- The cover of the first Bloom County collection
- Author: Berkeley Breathed
- Website: GoComics.com/BloomCounty (reruns)
- Current status/schedule: Running, no set schedule
- Launch date: December 8, 1980
- End date: August 6, 1989, resumed on July 13, 2015
- Alternate name(s): Bloom County 2015 (2015), The Bloom County Boys (2025)
- Syndicate(s): Washington Post Writers Group (1980–1989)
- Genre(s): Humor, Politics, Satire
- Preceded by: The Academia Waltz
- Followed by: Outland

= Bloom County =

American comic strip by Berkeley Breathed

Bloom County is an American comic strip by Berkeley Breathed. It originally ran from December 8, 1980, until August 6, 1989. It examined events in politics and culture through the viewpoint of a fanciful small town in Middle America, with a mix of human and anthropomorphic animal characters. The primary cast includes the adolescent Michael Binkley and Milo Bloom, as well as attorney Steve Dallas and Vietnam War veteran Cutter John. Animal characters include Opus the Penguin and Bill the Cat.

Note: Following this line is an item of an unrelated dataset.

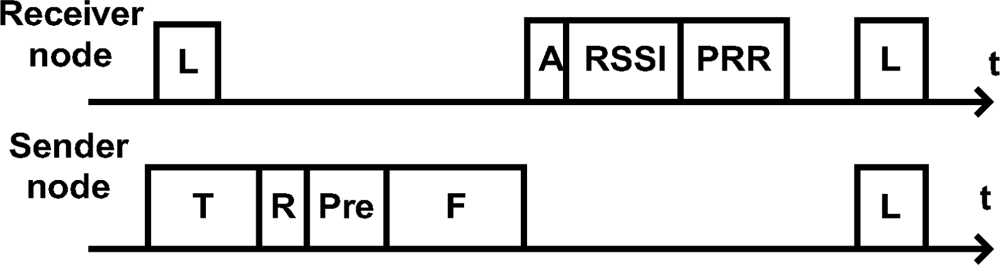 Sensors 10 05548f2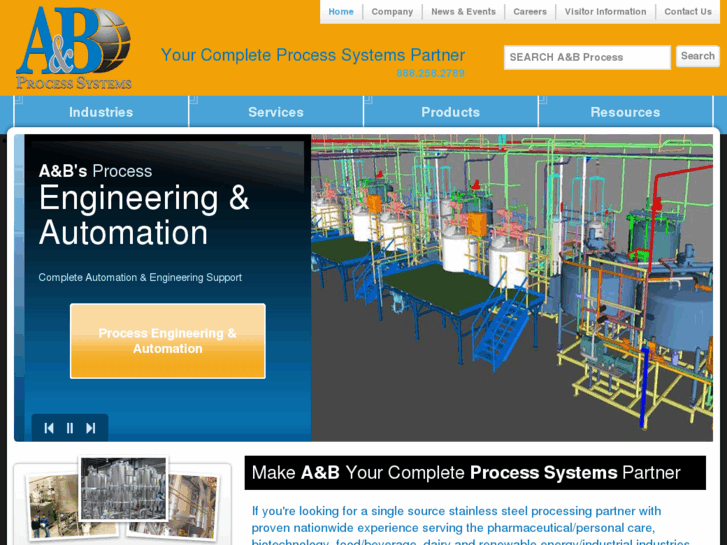www.abprocess.net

On July 12, 2015, Breathed started drawing Bloom County again, with new strips appearing on his Facebook site on a very irregular basis. The first revived strip was published via Facebook on July 13, 2015.

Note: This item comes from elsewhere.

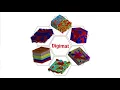 An Introduction to e Xstream and Digimat Part of MSC Software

Renamed "The Bloom County Boys," the strip moved from Facebook to Patreon in 2026 where the full version is available by subscription.

Breathed won the Pulitzer Prize for Editorial Cartooning in 1987, making him only the second (and, to date, last) comic strip artist to win a Pulitzer; the other was Garry Trudeau, whose work has influenced Breathed.

==Premise==
Breathed set Bloom County in a small town. Breathed said he made the choice because he had followed a girlfriend to Iowa City, Iowa; Breathed commented, "You draw—literally—from your life if you’re going to write anything with some juice to it. I did just that."

The fictional setting of Bloom County served as a recurring backdrop for the comic, although the nature of the setting was frequently altered. In the comics, the county is presented as a stereotypical American midwestern small town. The small town setting was frequently contrasted with the increasing globalization taking place in the rest of the world; though Bloom County contained the likes of farmers and wilderness creatures by default, it was frequented by Hare Krishnas, feminists, and rock stars.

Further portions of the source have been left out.